El límite es uno mismo. Cuando se trata de entender la frontera entre una imagen sensual, una erótica y una pornográfica, dice Edward Lucie-Smith, el límite radica en esa delgadísima línea, ese límite impuesto por nuestra manera de pensar, nuestro bagaje cultural, nuestra moral. ¿Hasta dónde se disfruta de una obra y hasta dónde nos ofende?
«Si la belleza está en la mirada del espectador, el erotismo está en su mente».
Y es que el erotismo es el diálogo en el que conviven el amor romántico y el amor apasionado, el deseo sensual y el amor carnal, y no sólo eso, sino que en él convergen la idea, las proyecciones, las fantasías, la represión, la complacencia y hasta el desfogue, es decir, la aceptación o rechazo, el placer estético o la agresión radica en el espectador.

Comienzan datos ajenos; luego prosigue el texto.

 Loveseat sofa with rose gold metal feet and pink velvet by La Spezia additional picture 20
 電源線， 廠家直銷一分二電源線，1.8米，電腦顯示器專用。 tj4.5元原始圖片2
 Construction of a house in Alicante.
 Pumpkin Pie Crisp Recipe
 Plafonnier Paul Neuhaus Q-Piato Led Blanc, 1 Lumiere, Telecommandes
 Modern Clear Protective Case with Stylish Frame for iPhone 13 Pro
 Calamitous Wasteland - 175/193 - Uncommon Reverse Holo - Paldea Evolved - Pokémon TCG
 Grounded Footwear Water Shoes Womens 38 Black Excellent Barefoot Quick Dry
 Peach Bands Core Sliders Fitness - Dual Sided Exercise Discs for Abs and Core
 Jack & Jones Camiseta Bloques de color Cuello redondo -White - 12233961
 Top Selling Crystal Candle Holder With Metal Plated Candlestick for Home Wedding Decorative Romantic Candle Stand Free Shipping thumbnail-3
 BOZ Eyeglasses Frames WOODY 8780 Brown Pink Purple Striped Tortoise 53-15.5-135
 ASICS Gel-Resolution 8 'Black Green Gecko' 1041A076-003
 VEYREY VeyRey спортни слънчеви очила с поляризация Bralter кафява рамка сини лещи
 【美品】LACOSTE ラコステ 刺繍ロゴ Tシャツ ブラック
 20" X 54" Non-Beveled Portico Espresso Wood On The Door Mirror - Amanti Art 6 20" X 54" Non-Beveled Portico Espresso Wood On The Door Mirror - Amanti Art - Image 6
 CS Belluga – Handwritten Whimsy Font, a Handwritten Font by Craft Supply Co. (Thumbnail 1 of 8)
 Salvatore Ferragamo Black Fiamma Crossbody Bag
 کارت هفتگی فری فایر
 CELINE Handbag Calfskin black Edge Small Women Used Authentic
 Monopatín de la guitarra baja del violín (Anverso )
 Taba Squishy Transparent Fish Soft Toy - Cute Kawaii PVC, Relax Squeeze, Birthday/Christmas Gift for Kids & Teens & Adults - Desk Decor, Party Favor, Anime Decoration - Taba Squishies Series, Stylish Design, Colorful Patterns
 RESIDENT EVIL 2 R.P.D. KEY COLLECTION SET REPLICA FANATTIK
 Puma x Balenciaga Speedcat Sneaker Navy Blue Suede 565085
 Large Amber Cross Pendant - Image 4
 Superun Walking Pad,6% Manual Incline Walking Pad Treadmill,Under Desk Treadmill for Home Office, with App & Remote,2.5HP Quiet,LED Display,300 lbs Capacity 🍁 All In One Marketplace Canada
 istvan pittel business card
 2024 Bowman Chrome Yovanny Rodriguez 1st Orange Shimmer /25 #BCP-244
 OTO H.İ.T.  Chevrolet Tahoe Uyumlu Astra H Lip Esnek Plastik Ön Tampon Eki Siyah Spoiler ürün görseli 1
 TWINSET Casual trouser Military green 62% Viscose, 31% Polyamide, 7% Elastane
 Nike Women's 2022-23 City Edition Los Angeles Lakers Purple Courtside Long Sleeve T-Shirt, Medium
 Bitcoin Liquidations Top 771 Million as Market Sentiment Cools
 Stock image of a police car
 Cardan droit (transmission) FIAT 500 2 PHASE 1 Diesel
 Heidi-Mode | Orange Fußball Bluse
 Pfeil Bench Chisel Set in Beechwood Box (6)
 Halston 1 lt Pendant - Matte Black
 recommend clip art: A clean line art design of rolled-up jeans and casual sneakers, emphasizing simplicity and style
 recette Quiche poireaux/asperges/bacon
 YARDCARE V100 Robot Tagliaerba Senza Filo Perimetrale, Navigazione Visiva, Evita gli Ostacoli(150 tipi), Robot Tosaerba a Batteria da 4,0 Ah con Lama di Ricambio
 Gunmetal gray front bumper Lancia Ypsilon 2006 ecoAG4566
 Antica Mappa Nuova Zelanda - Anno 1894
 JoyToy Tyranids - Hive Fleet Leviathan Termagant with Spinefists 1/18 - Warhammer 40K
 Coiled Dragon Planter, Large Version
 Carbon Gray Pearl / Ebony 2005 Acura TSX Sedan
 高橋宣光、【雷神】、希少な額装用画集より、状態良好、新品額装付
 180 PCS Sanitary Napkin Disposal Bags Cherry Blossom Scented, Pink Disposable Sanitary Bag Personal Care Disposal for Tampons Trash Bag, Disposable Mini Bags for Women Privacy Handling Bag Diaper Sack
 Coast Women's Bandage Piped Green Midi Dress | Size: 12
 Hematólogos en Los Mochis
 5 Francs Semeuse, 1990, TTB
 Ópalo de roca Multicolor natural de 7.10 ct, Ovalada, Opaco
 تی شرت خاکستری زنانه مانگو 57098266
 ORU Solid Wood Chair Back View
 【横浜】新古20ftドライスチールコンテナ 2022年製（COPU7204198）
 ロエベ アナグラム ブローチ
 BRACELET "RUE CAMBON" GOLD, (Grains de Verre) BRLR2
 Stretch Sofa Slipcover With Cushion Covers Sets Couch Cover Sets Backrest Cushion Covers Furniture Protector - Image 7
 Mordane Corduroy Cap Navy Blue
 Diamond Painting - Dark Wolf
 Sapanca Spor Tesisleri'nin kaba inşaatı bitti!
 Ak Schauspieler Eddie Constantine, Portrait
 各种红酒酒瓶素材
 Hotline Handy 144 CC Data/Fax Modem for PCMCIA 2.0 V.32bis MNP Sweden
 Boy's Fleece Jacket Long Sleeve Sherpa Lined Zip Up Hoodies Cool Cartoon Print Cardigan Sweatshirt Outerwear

Cualquier ámbito de creación artística es propicio para el tópico del erotismo: la literatura, con el Marqués de Sade, Émile Zola, Henry Miller, D. H. Lawrence o Guillaume Apollinaire; la escultura —en la que por siglos estuvo disfrazado de escenas mitológicas—, en manos de Antonio Canova y Auguste Rodin; la fotografía, el grabado, el baile, el cine, las artes populares —en la forma de juguetillos, figuras, bisutería o coplas picarescas—.
Pero el tema que nos ocupa es el erotismo en la pintura, donde las manifestaciones de la libido, la imaginería sexual y el deseo carnal toman forma mediante el color, la composición y la sutileza o la audacia de la expresión plástica.